── RECORDED DATA

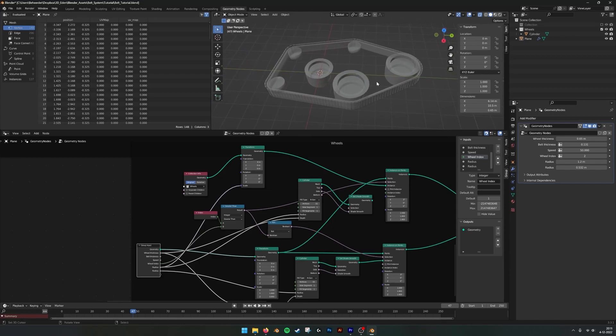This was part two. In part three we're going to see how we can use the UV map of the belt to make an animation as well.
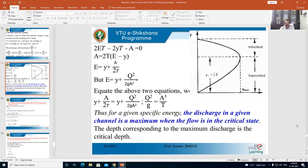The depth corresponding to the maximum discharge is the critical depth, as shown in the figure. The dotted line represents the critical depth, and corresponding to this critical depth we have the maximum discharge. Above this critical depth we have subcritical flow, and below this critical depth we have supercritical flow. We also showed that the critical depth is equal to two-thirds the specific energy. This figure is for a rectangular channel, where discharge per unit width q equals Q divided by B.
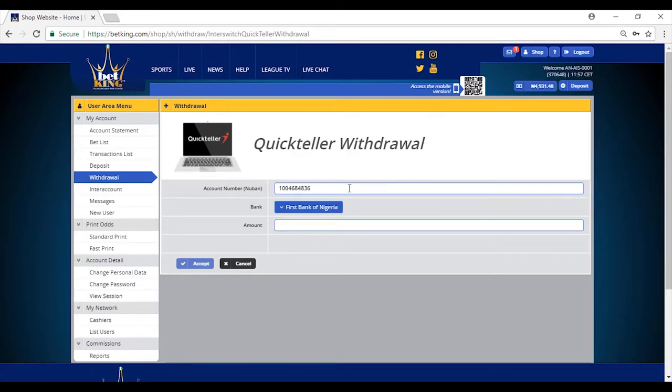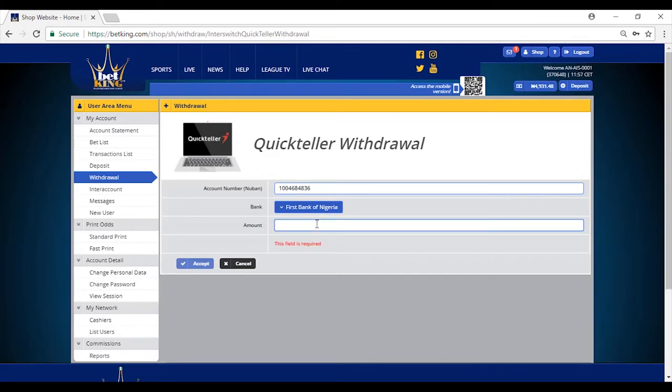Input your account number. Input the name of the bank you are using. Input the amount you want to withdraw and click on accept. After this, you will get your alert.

────

▶ **WORK ORDER**
Retype the data exactly as it stands, but keep the images out of your copy.

▶ **ANSWER TO THE PROBLEM**
This was part two. In part three we're going to see how we can use the UV map of the belt to make an animation as well.
The depth corresponding to the maximum discharge is the critical depth, as shown in the figure. The dotted line represents the critical depth, and corresponding to this critical depth we have the maximum discharge. Above this critical depth we have subcritical flow, and below this critical depth we have supercritical flow. We also showed that the critical depth is equal to two-thirds the specific energy. This figure is for a rectangular channel, where discharge per unit width q equals Q divided by B.
Input your account number. Input the name of the bank you are using. Input the amount you want to withdraw and click on accept. After this, you will get your alert.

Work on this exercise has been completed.